PROBLEM DETAILS: I'd like the line containing "Video Editor Working" and every line below it, to the end of the material, repeated exactly and with nothing else.

SUPPLIED INFORMATION:
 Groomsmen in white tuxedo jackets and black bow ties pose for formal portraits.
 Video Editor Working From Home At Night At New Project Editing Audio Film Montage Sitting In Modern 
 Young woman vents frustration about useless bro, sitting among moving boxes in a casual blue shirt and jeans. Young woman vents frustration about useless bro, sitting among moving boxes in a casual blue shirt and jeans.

FINISHED TASK:
 Video Editor Working From Home At Night At New Project Editing Audio Film Montage Sitting In Modern 
 Young woman vents frustration about useless bro, sitting among moving boxes in a casual blue shirt and jeans. Young woman vents frustration about useless bro, sitting among moving boxes in a casual blue shirt and jeans.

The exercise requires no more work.